This gentle story about the warm, happy relationship between the oldest and youngest ones in the family was originally published in 1959 with illustrations by Paul Galdone. Now freshly reillustrated by the internationally acclaimed Jan Ormerod, it is sure to find its way into the hearts of a brand-new generation of readers.
About the Author
Helen E. Buckley, author of Grandfather and I, Grandmother and I, and Where Did Josie Go?, lives in Bradenton, Florida, and Pulaski, New York.
Jan Omerod, author-artist of Who's Whose?, Ben Goes Swimming, and Emily Dances, who also illustrated Sky Dancer by Jack Bushnell, lives in Cambridge, England. In Her Own Words...
"I grew up in the fifties, in a series of small towns in Western Australia, with three older sisters. As a child I drew constantly and compulsively, inspired by beautifully drawn schoolgirl annuals from England. I secretly devoured forbidden American comics, poring over the draughtsmanship.

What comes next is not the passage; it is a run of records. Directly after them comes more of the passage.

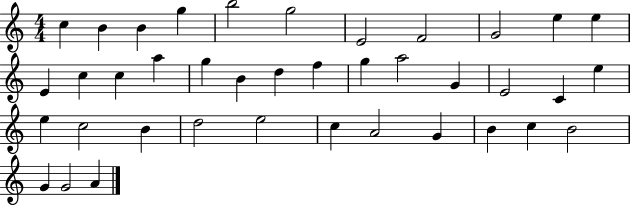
C5/q B4/q B4/q G5/q B5/h G5/h E4/h F4/h G4/h E5/q E5/q E4/q C5/q C5/q A5/q G5/q B4/q D5/q F5/q G5/q A5/h G4/q E4/h C4/q E5/q E5/q C5/h B4/q D5/h E5/h C5/q A4/h G4/q B4/q C5/q B4/h G4/q G4/h A4/q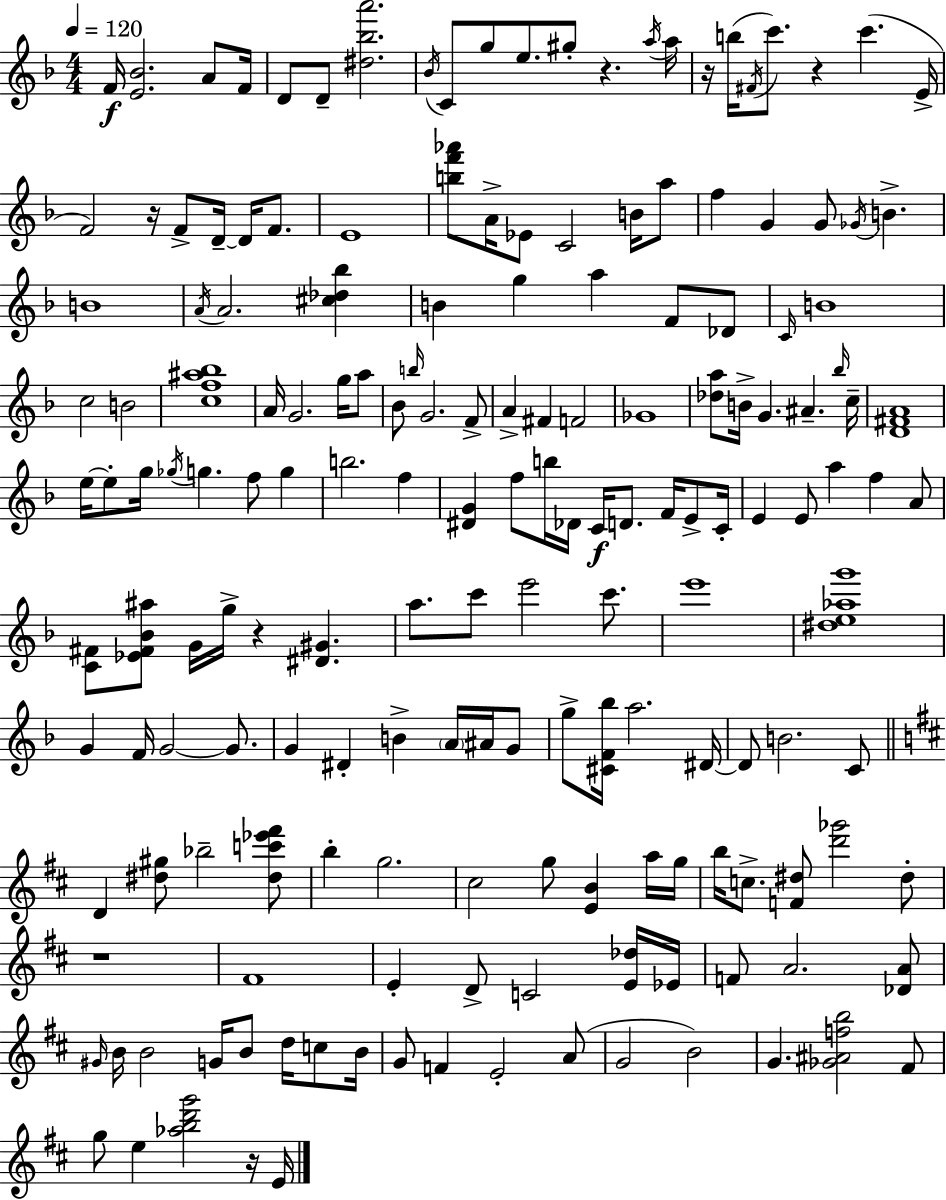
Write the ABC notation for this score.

X:1
T:Untitled
M:4/4
L:1/4
K:Dm
F/4 [E_B]2 A/2 F/4 D/2 D/2 [^d_ba']2 _B/4 C/2 g/2 e/2 ^g/2 z a/4 a/4 z/4 b/4 ^F/4 c'/2 z c' E/4 F2 z/4 F/2 D/4 D/4 F/2 E4 [bf'_a']/2 A/4 _E/2 C2 B/4 a/2 f G G/2 _G/4 B B4 A/4 A2 [^c_d_b] B g a F/2 _D/2 C/4 B4 c2 B2 [cf^a_b]4 A/4 G2 g/4 a/2 _B/2 b/4 G2 F/2 A ^F F2 _G4 [_da]/2 B/4 G ^A _b/4 c/4 [D^FA]4 e/4 e/2 g/4 _g/4 g f/2 g b2 f [^DG] f/2 b/4 _D/4 C/4 D/2 F/4 E/2 C/4 E E/2 a f A/2 [C^F]/2 [_E^F_B^a]/2 G/4 g/4 z [^D^G] a/2 c'/2 e'2 c'/2 e'4 [^de_ag']4 G F/4 G2 G/2 G ^D B A/4 ^A/4 G/2 g/2 [^CF_b]/4 a2 ^D/4 ^D/2 B2 C/2 D [^d^g]/2 _b2 [^dc'_e'^f']/2 b g2 ^c2 g/2 [EB] a/4 g/4 b/4 c/2 [F^d]/2 [d'_g']2 ^d/2 z4 ^F4 E D/2 C2 [E_d]/4 _E/4 F/2 A2 [_DA]/2 ^G/4 B/4 B2 G/4 B/2 d/4 c/2 B/4 G/2 F E2 A/2 G2 B2 G [_G^Afb]2 ^F/2 g/2 e [_abd'g']2 z/4 E/4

"I went to art school at a time when the practice of drawing was regarded as the underpinning of all activity in the visual arts'coming to know' by looking closely and recording honestly. All my options took me into the fine arts--drawing, painting, and sculpture. I was obsessed with the human face, figure, and gesture. I became an Associate of the Western Australian Institute of Technology and Design in Art Education and taught art in secondary schools on enrichment programs for talented students, then lectured in a teachers college and in art schools.
"As a young woman I was not very maternal, and intended not to have children. My first pregnancy was entirely unplanned. My books have largely been a celebration and savoring of the positive experience of parenthood I had not anticipated-the fun, warmth, and love. Designing picture books for young children, I am aware that such books are almost always shared by the child and a caring adult. I find the challenge of communicating with both child and adult-working on two levels in one book--a demanding, intriguing and rewarding task. I design picture books for children and adults because I depend on the adult to create the right atmosphere and help children read them. When this happens, it is a time for physical closeness and comfort, a quiet time for sharing ideas and feelings, for laughing and learning together. Anyone who takes time to share books with young children is rewarded and revitalized by the experience every time.
"My task as a visual storyteller is to observe, record, and edit. Some images go straight from life into a book. Most need to be carefully sifted, reinvented, reorganized. Telling a story with words and pictures is a little like watching a movie, then selecting the evocative moment like a still taken from a film. I need to capture the moment that has clarity and simplicity, invites empathy, and allows the reader to bring her own knowledge to that moment, to enrich it, and develop it according to her own life experiences.
"I now live in Cambridge, England with my two daughters, Sophie and Laura. We return to Australia to be with my family and friends as often as we can."